地域振興課への異動を命じられたのは平成25年のことでした。当時、福崎町は兵庫県下で観光客が来ない町ワースト3位だったのです。福崎町といえば民俗学者・柳田國男ゆかりの地ですが、そこを今さらアピールしたところで認知度はあがりません。柳田國男といえば河童だということで「公園の池から河童を出してほしい」と言ったのが、当時の町長でした。私は趣味で造形作品を作り、10年ほど造形作家として活動しているので「小川なら多少の知識はあるし、いけるだろう」と思ったのかもしれませんね。
自分の直感を大切に
町長が、いわゆる可愛らしい河童を所望していたことは、もちろんわかっていました。しかし私はあえて気味の悪さやリアル感を追求した妖怪の河童「ガジロウ」として、像を作ることにしたのです。この計画を知られると中止になる可能性もあったので、お披露目の時まで誰にも内緒で制作を進めました。案の定、「税金で何をやっている!」とあきれたり怒ったりと完成形を見た周りの人々の反応はほぼネガティブ。

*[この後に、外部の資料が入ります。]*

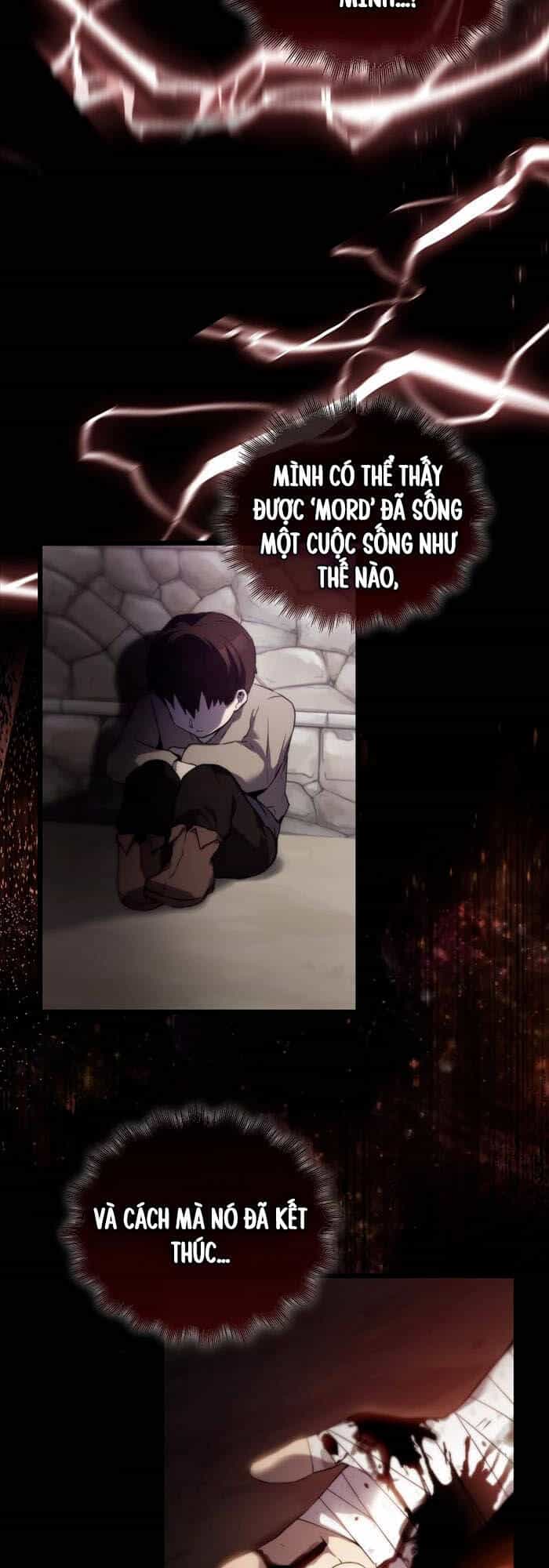 Nhân Vật Phụ Siêu Mạnh - Chương 1 - ảnh 59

でも、地域住民や県外の方々からの反応は想像以上で、設置した翌日からものすごい数の人が押し寄せたんです。メディアに出る機会もたくさんいただき、一気に状況が変わりましたね。
その後も「全国妖怪造形コンテスト」を開催して注目を集めたり、まちのいたるところに「妖怪ベンチ」を置いたりなど、「妖怪」をもとにしたあらゆる挑戦を続けた結果、異動した平成25年はまち全体で24万8,000人弱だった観光客入込数が、3年間で40万人に増えました。 決して自信があったわけではありません。「何でこんなことを思いついたのか」と問われても、根拠はありません。絶対に、こっちのほうが面白いはずだと直感が訴えた。それだけです。何より、自分が面白いと思うものを信じたいんです。私を突き動かすエネルギーは、それに尽きますね。もちろん、そうまでして自分の意思を貫くからには「失敗したときには全責任を負う」という覚悟を常に持っています。
自分を貫いた先に答えはある
公務員は中立の立場でいなければならない。そんな思いからか、つい相手の顔色を伺って「自分」を消す職員が最近は多い印象を受けます。しかしこのままでは「まちおこし」や「地方創生」は、うまくいきません。じゃあどうすればいいのか。
自分のひらめきを、創造力を、信じましょう。その感性を身に着けるにはたくさんの経験が必要ですから、もっと外の世界に目を向けましょう。そのすべてが、「公務員」ではなく「個人」としてのあなたの可能性を引き出してくれるはずです。
PROFILE
平成4年に入庁。休日は趣味の造形作品作りに勤しみ、造形作家としても活動している。福崎町の動く妖怪像や、妖怪プラモデルは自身が原型デザインを手がけている。